_What is expected_. Each entry below is to be restated word for word, with no pictures carried over.

_Task inputs_.
#####
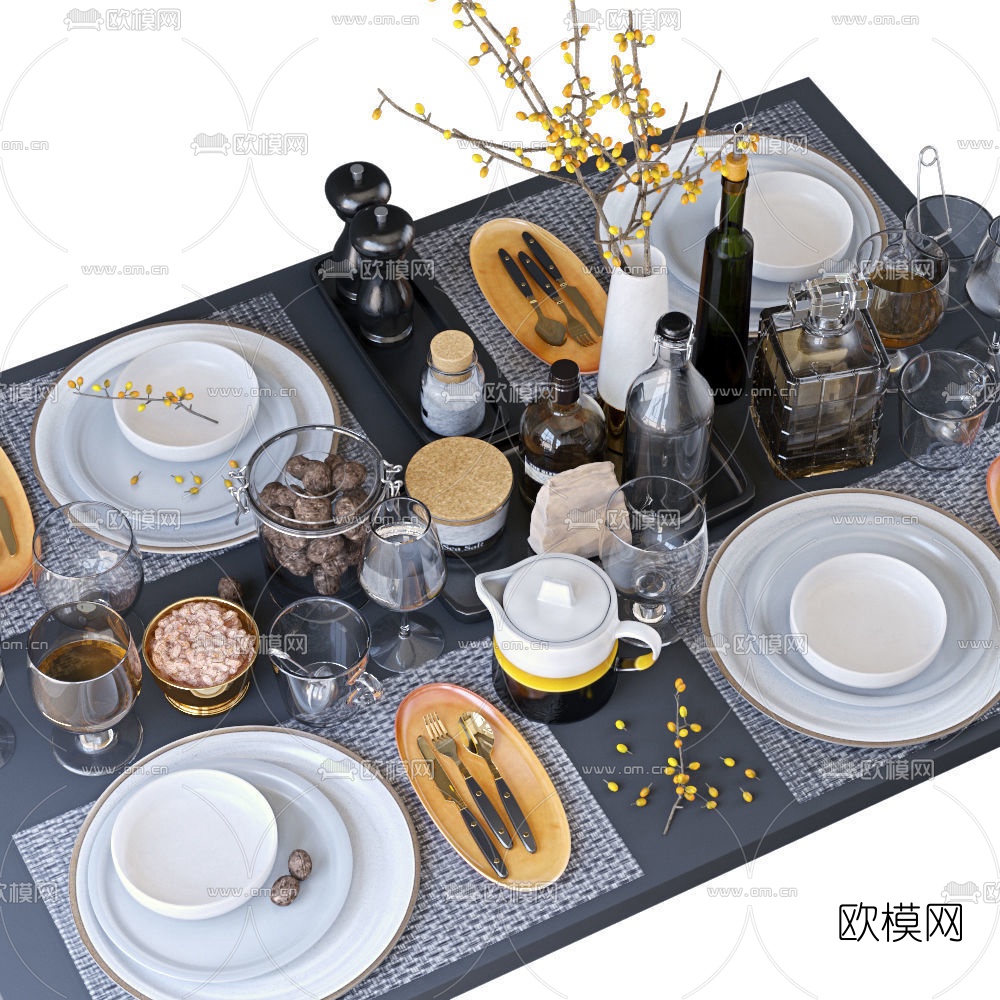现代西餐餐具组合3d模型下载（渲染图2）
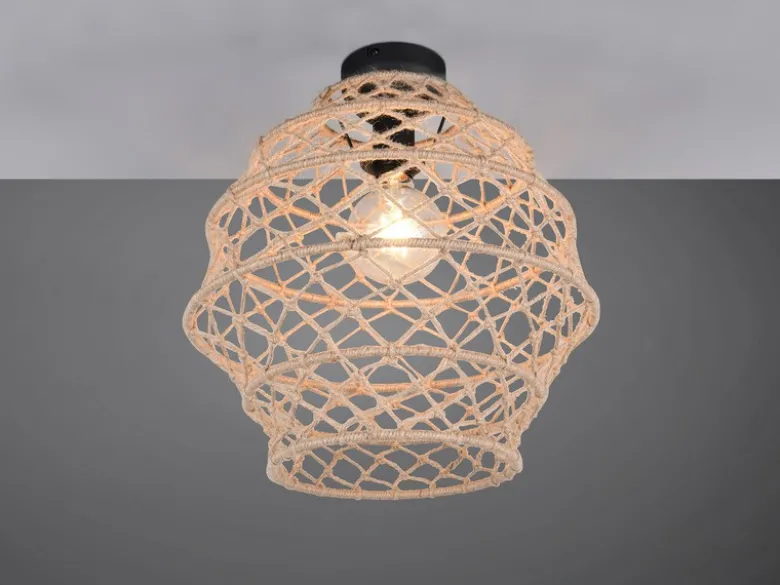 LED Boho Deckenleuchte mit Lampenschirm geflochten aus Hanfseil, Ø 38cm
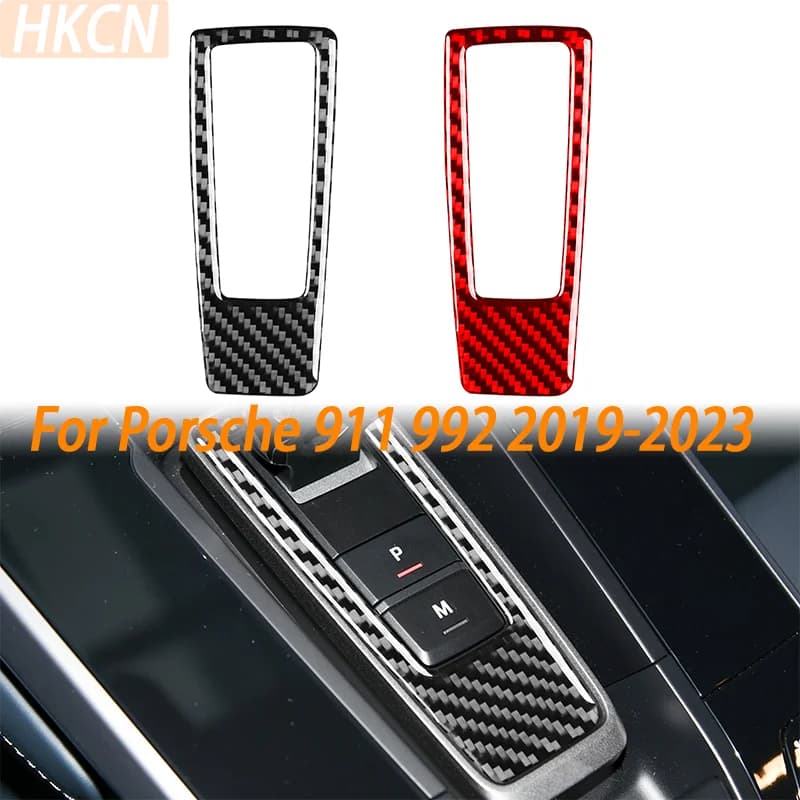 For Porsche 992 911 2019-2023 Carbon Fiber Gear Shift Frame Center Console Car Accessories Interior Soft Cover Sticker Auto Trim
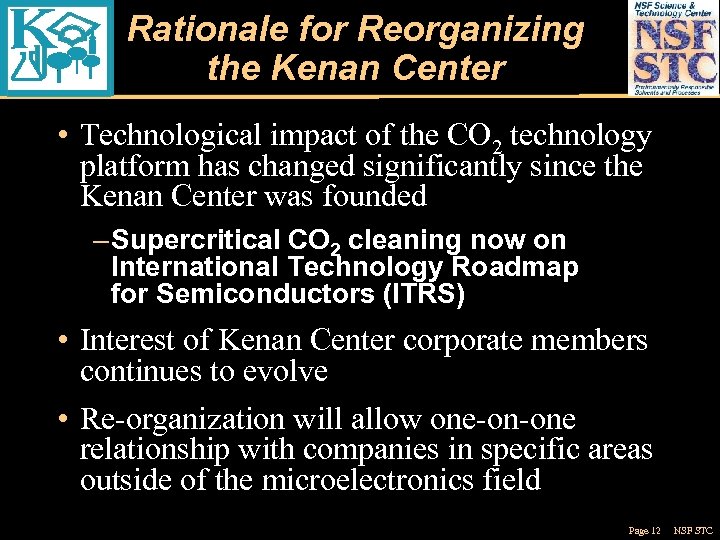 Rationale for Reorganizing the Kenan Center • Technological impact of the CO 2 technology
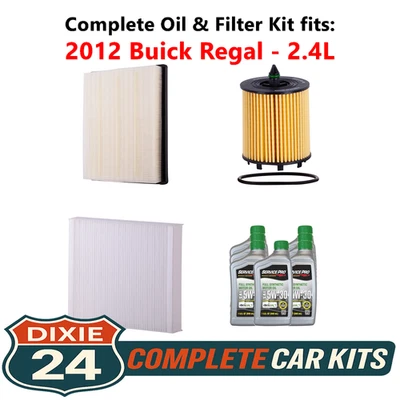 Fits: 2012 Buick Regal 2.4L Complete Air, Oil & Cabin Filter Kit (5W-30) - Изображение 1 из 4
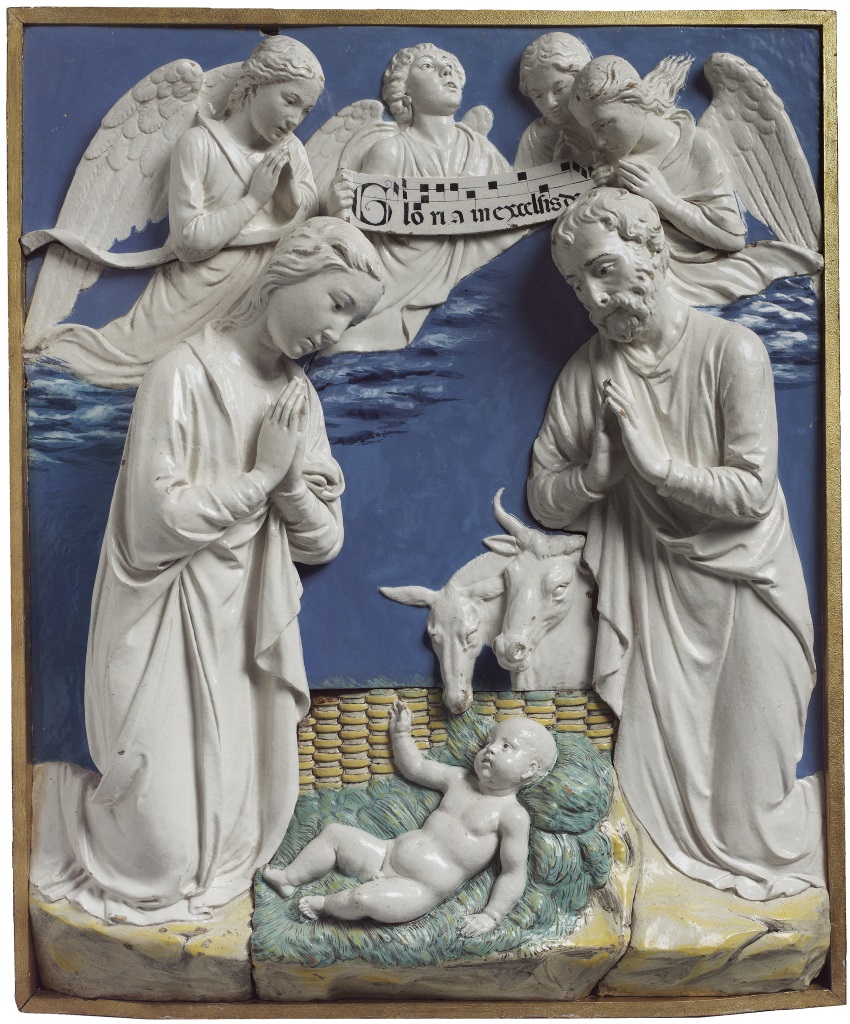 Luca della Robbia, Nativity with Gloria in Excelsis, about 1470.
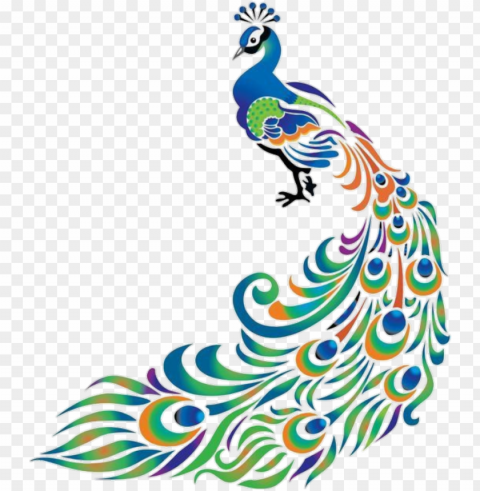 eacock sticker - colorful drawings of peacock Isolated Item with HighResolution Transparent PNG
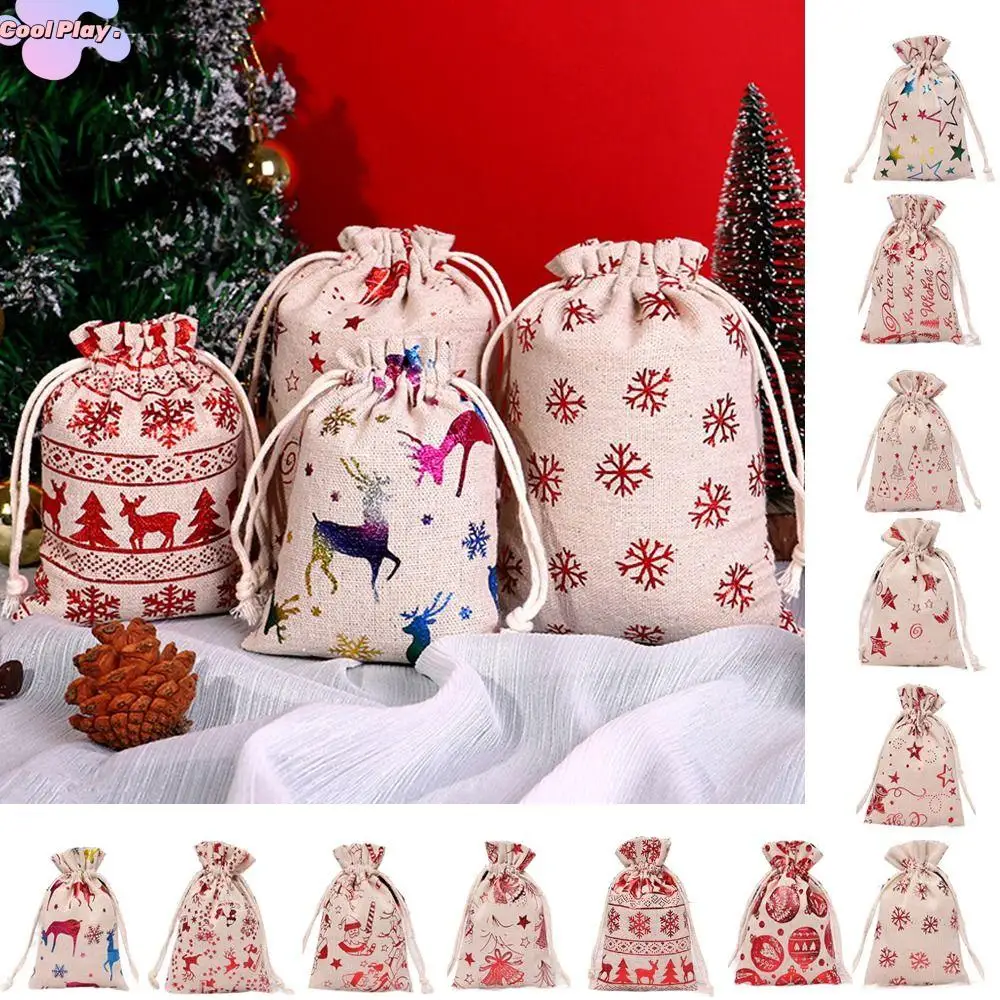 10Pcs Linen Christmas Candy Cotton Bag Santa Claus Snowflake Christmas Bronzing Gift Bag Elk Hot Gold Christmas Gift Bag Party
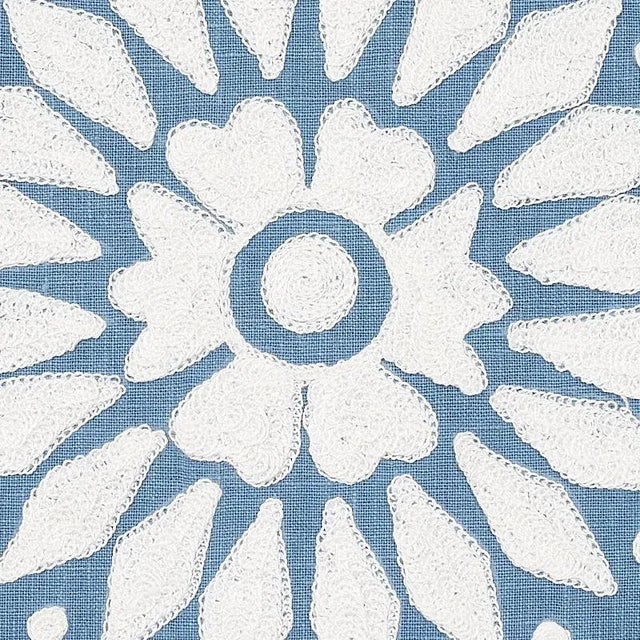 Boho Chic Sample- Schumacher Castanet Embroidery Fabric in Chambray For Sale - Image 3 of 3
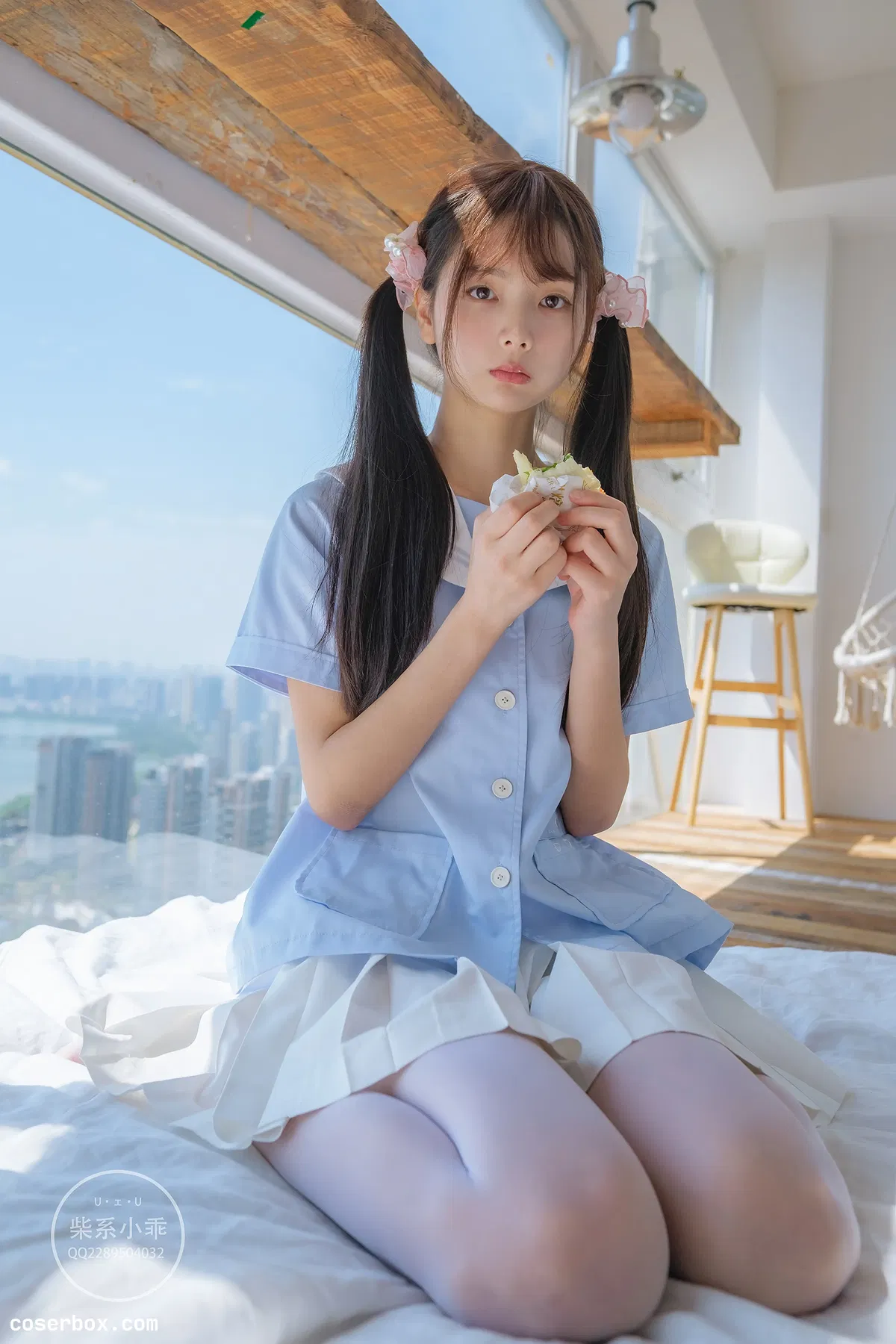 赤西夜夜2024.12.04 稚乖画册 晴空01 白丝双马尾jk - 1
#####
_Written answer_.
现代西餐餐具组合3d模型下载（渲染图2）
 LED Boho Deckenleuchte mit Lampenschirm geflochten aus Hanfseil, Ø 38cm
 For Porsche 992 911 2019-2023 Carbon Fiber Gear Shift Frame Center Console Car Accessories Interior Soft Cover Sticker Auto Trim
 Rationale for Reorganizing the Kenan Center • Technological impact of the CO 2 technology
 Fits: 2012 Buick Regal 2.4L Complete Air, Oil & Cabin Filter Kit (5W-30) - Изображение 1 из 4
 Luca della Robbia, Nativity with Gloria in Excelsis, about 1470.
 eacock sticker - colorful drawings of peacock Isolated Item with HighResolution Transparent PNG
 10Pcs Linen Christmas Candy Cotton Bag Santa Claus Snowflake Christmas Bronzing Gift Bag Elk Hot Gold Christmas Gift Bag Party
 Boho Chic Sample- Schumacher Castanet Embroidery Fabric in Chambray For Sale - Image 3 of 3
 赤西夜夜2024.12.04 稚乖画册 晴空01 白丝双马尾jk - 1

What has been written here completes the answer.